Closed dkobak closed 1 year ago

dkobak commented 1 year ago

Running optimize(n_iter=1) for 100 times should give the same result as optimize(n_iter=100), but it doesn't. Here is a reproducible example:

n = 100
np.random.seed(42)
X = np.random.randn(n, 2)

from openTSNE.affinity import PerplexityBasedNN
from openTSNE import TSNEEmbedding
from openTSNE.initialization import random as random_init

A = PerplexityBasedNN(X)
I = random_init(n, random_state=42)

E1 = TSNEEmbedding(I, A, random_state=42)
E2 = TSNEEmbedding(I, A, random_state=42)

E1.optimize(n_iter=100, inplace=True)

for i in range(100):
    E2.optimize(n_iter=1, inplace=True)

plt.figure(figsize=(4, 4), layout='constrained')
plt.scatter(E1[:,0], E1[:,1])
plt.scatter(E2[:,0], E2[:,1])

tmp-tsne-bug

Maybe it has something to do with how the gains are saved in between the optimize() calls?

dkobak commented 1 year ago

Hmm, does not look like it's due to gains: if I use 2 iterations instead of 100 in the snippet above, then E1 and E2 are still not identical, yet E1.optimizer.gains and E2.optimizer.gains are the same.

dkobak commented 1 year ago

So I figured out what is going on here. update vectors are not save between the optimize() calls, so momentum term has no effect if one uses optimize(n_iter=1).
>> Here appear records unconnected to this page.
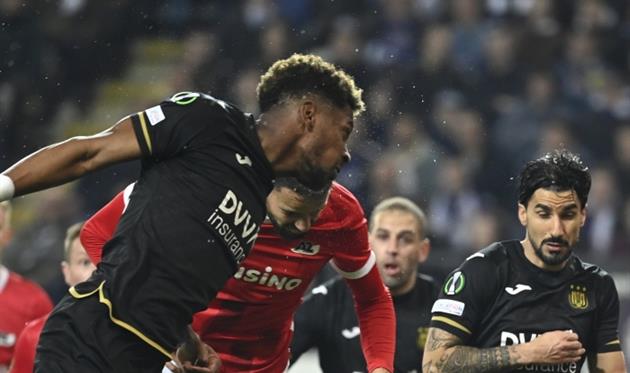 Андерлехт — АЗ Алкмар, ФК Андерлехт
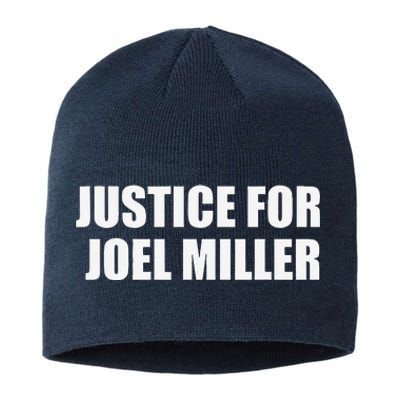 Justice For Joe.L Miller Sustainable Beanie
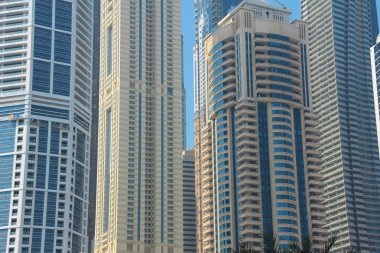 Birleşik Arap Emirlikleri, Dubai, 20 Ekim 2011: Dubai gökdelen, Birleşik Arap Emirlikleri, İran Körfezi, Arap Yarımadası'nda, Orta Doğu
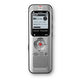Philips digitale voicerecorder dvt2015 zilver, zwart 8 gb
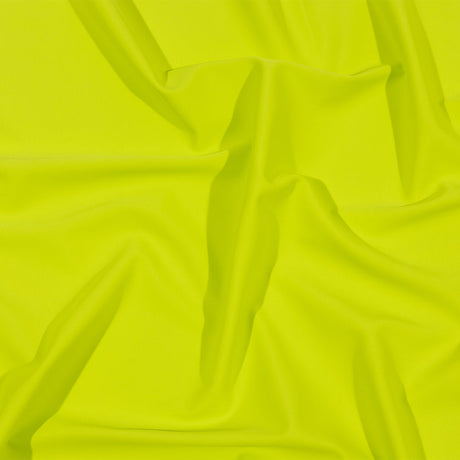 Recycled Swimwear Tricot, UV Protective - Arctic Lime - Santorini Plus Collection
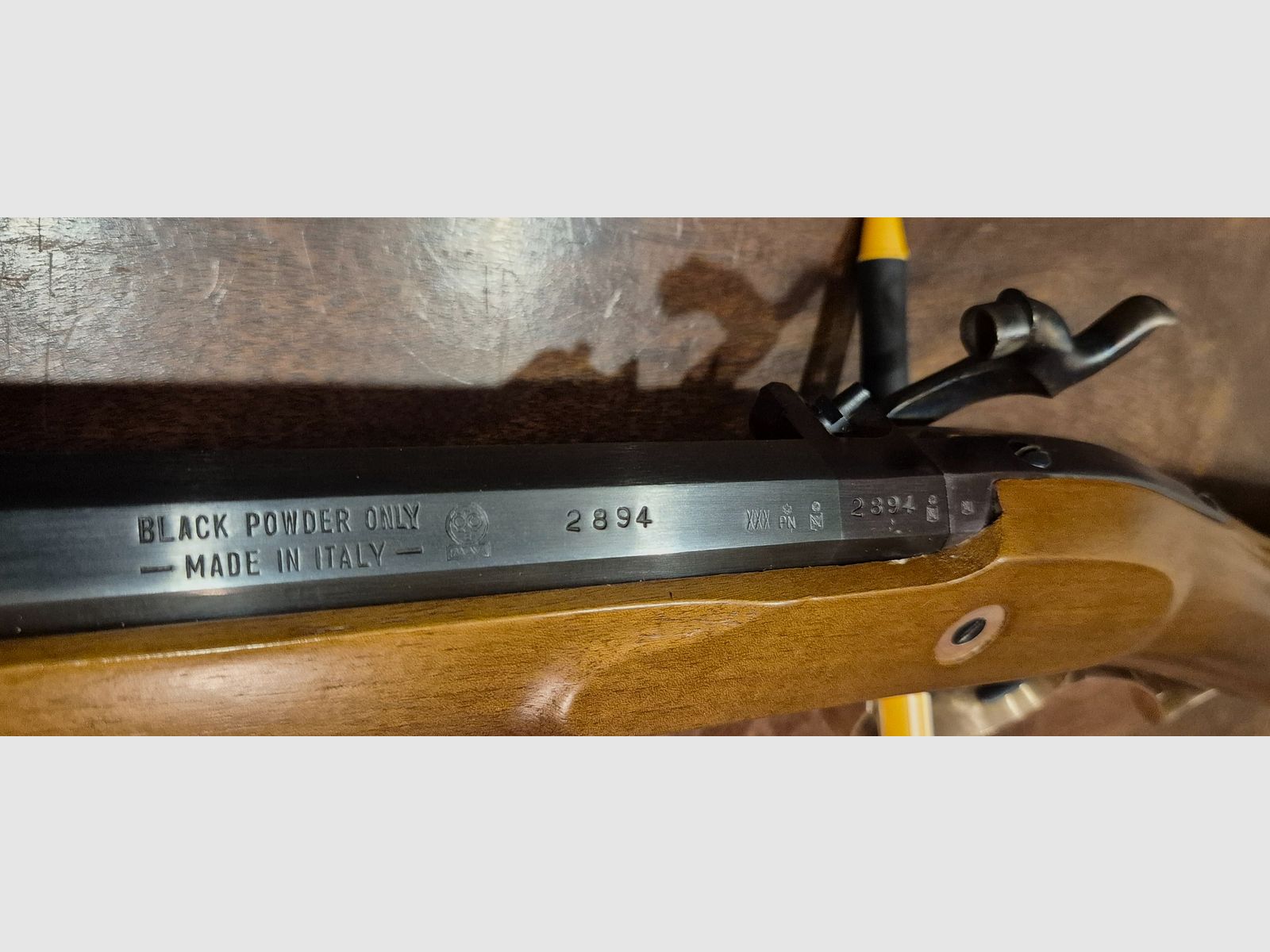 Mavi Vorderlader Hawken Gewehr Neuwertig , Bild 5 von 9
I guess it's debatable what is better, but I would say that if we keep the gains between the optimize() calls, then we should also keep the update vectors.

I prepared a quick PR that implements that but unfortunately it makes some tests fail, and I could not fix it yet.

pavlin-policar commented 1 year ago

Thanks for tracking this down. This is definitely a bug. Calling optimize once with iter=100 should definitely be the same as calling optimize 100 times with iter=1.